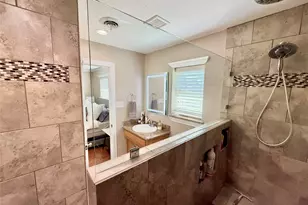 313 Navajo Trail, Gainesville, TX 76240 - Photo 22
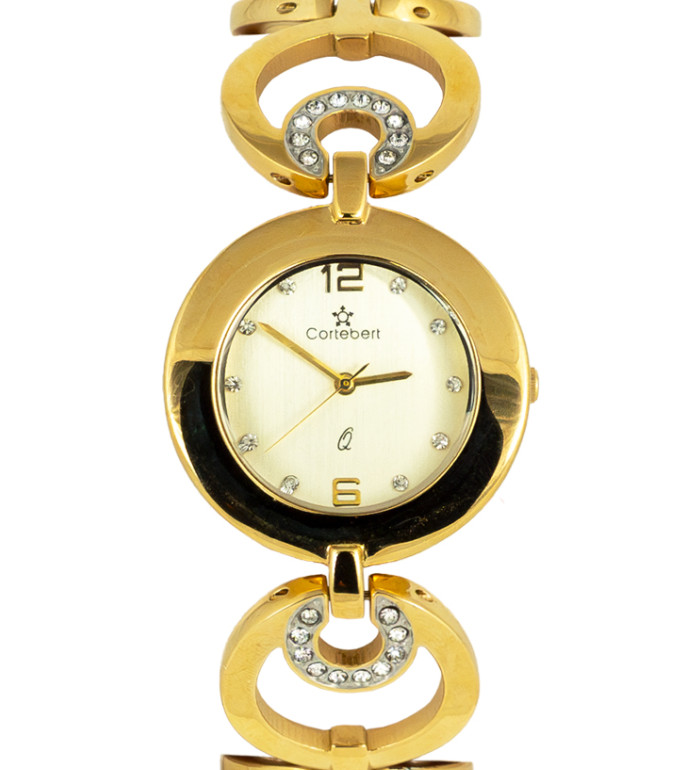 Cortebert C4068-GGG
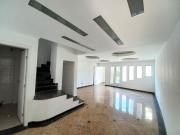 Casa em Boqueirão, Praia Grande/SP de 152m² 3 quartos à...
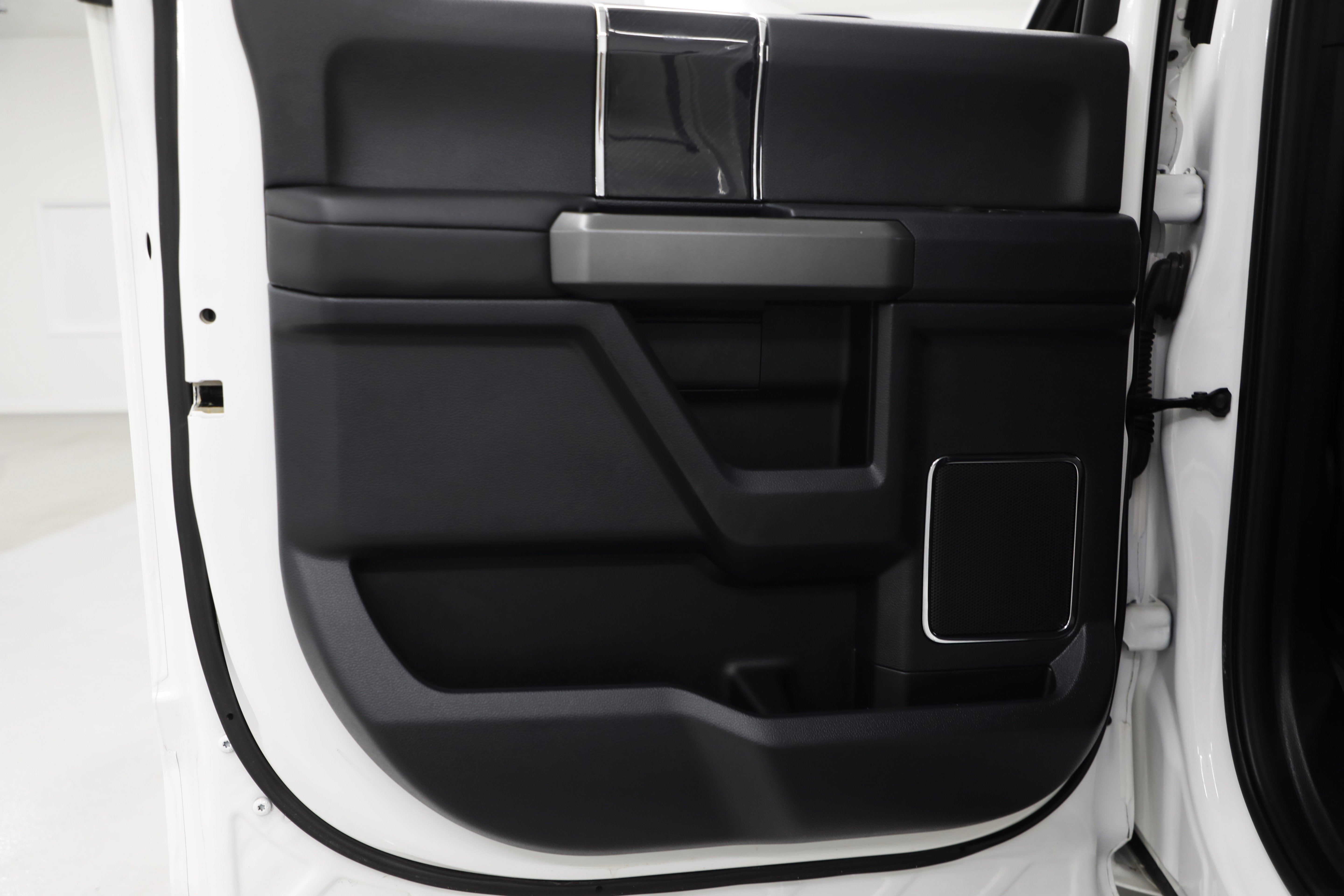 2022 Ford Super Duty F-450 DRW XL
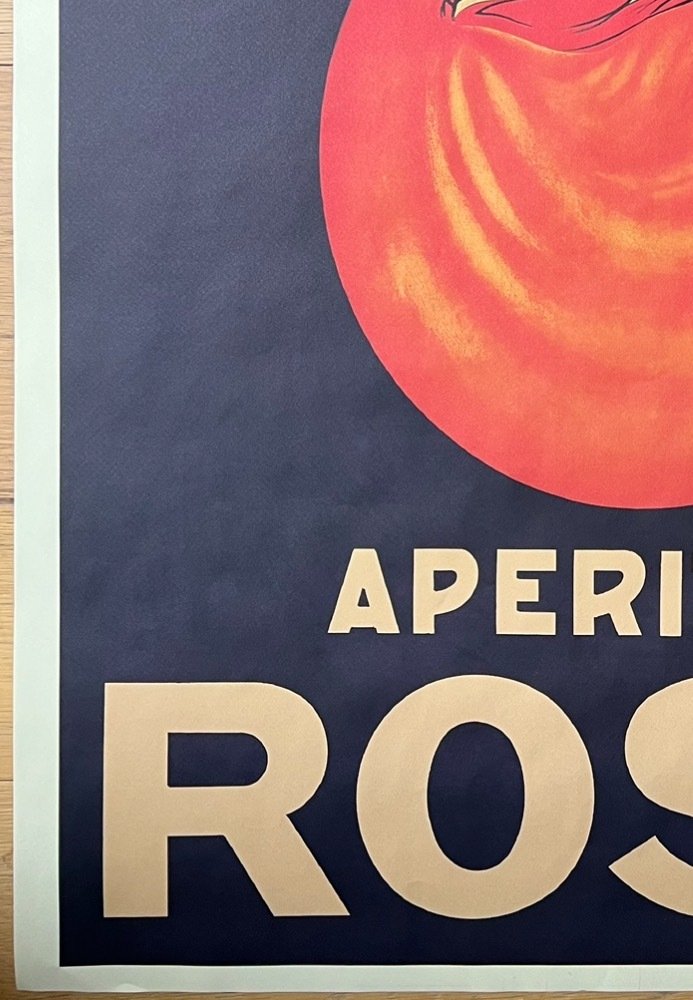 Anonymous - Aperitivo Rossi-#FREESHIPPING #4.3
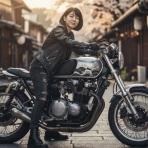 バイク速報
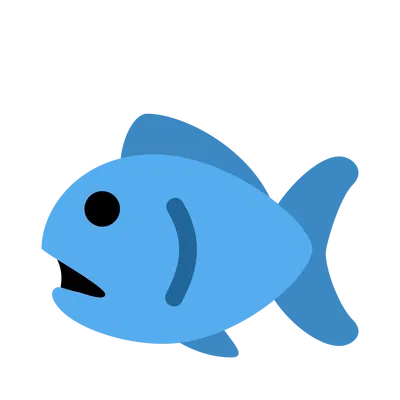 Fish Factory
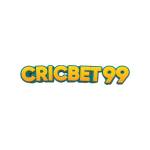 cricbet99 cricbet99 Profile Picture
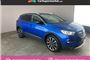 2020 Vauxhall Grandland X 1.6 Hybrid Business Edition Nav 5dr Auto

..............................

-- Exercise --
When you restate the listing above, give each line word for word but leave out every image.

-- Completed task --
 313 Navajo Trail, Gainesville, TX 76240 - Photo 22
 Cortebert C4068-GGG
 Casa em Boqueirão, Praia Grande/SP de 152m² 3 quartos à...
 2022 Ford Super Duty F-450 DRW XL
 Anonymous - Aperitivo Rossi-#FREESHIPPING #4.3
 バイク速報
 Fish Factory
 cricbet99 cricbet99 Profile Picture
 2020 Vauxhall Grandland X 1.6 Hybrid Business Edition Nav 5dr Auto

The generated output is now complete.